Egypt will bank on the efficiency that propelled them to African glory when they begin a tough U-20 World Cup campaign against Chile on Sunday.
The young Pharaohs, who conceded just two goals en route to African Championship triumph in Algeria earlier this year, are lauded for a resolute defence, compact midfield and effective attack despite the lack of a stand-out player.
Reaching the knockout phase is usually an easy task for Egypt, given that the top four third-place finishers also seal a last-16 place, but they are facing one of their biggest challenges in over a decade after being drawn in a tough Group E that also includes Chile, England and Iraq.
"This is one of the strongest groups in the tournament, if not the toughest. Our three competitors are physically and technically gifted," Egypt coach Rabie Yassine told FIFA.com.

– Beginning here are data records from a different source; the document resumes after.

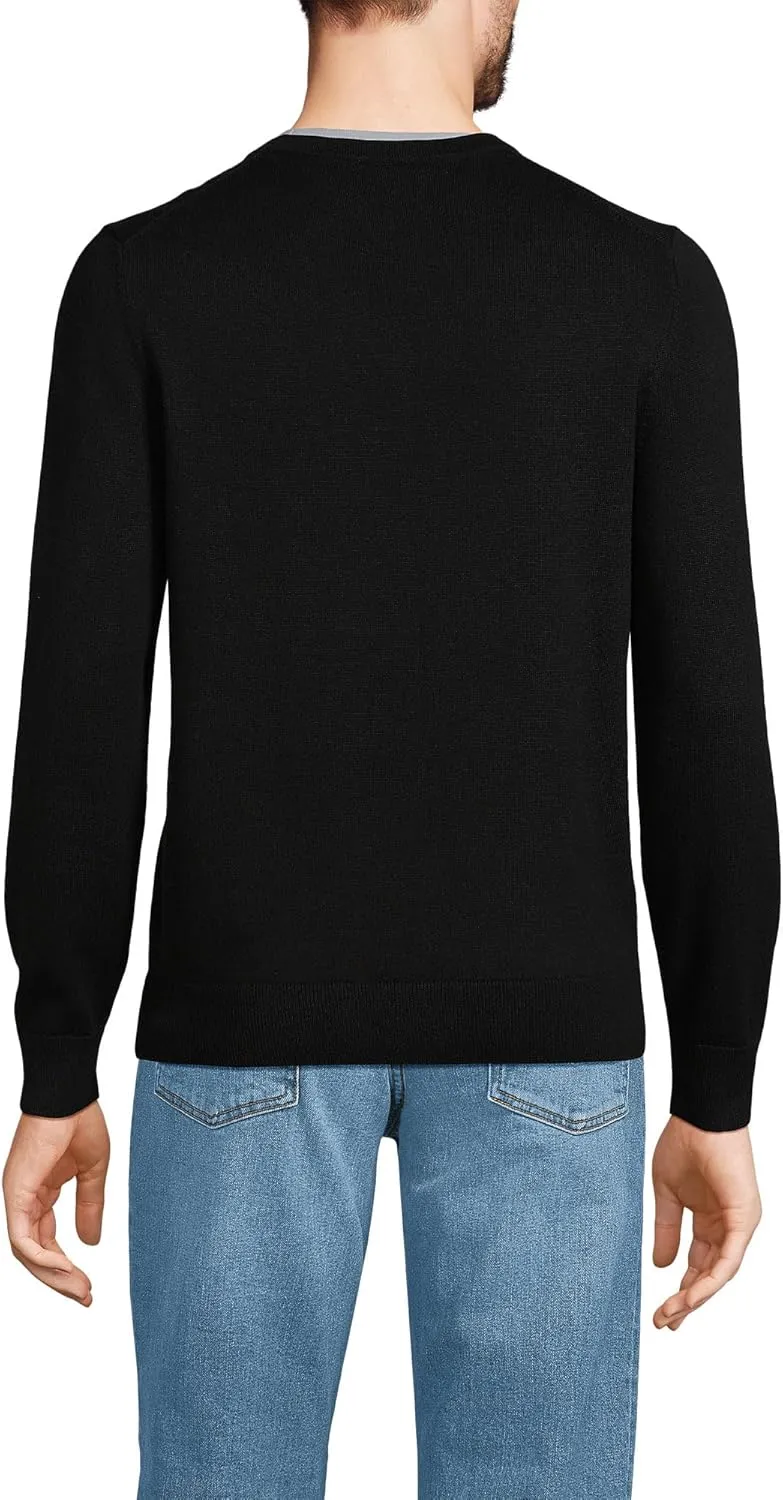 Lands' End Men's Fine Gauge Cotton V Neck Sweater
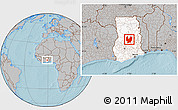 Gray Location Map of Atebubu, highlighted country, hill shading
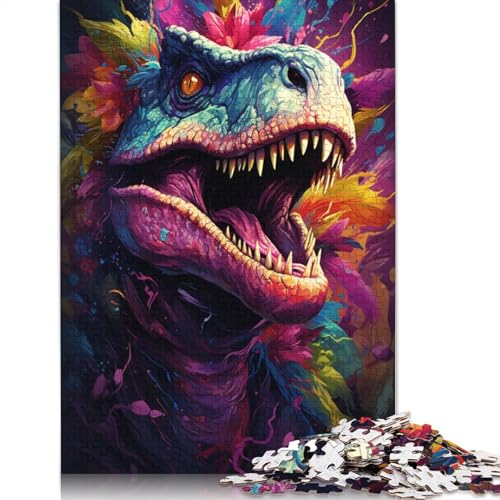 Puzzle für Erwachsene Bunte Psychedelia der Dinosaurier 1000 Teile Holzpuzzle für Kinder ab Jahren Lernspiel 1000 Teile (75 x 50 cm) von wuzihanptpt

"Iraq are very strong. They didn’t lose any matches at last year’s AFC Championship, finishing as runners up following a defeat in penalty shootout in the final. Their squad includes eight players who already represent the senior Iraqi side.
"As for Chile, they are powerful in attack and pose threat to any opponents. For England, being one of the European representatives at the World Cup speaks volumes about their capabilities."
Egypt were hardly convincing during their pre-tournament friendlies, having produced some mediocre displays in a 2-2 draw with Romania, 3-1 loss to Montenegro and 1-0 defeat by Brazil.
They later crushed Kosovo 8-0 and beat New Zealand 2-1 but local media still have doubts over whether Egypt can replicate their African Championship form.
"The players reached their top form and are now ready to play any team in the World Cup," Yassine told a media briefing.
Egypt open their campaign against Chile in Antalya before meeting Iraq on Wednesday and England on Saturday.
Yassine also said skipper and influential defender Rami Rabia would be available for the tournament after recovering from injury. He is uncertain to start against Chile though.
Egypt's best position at the World Cup was a third-place finish at 2001 edition in Argentina.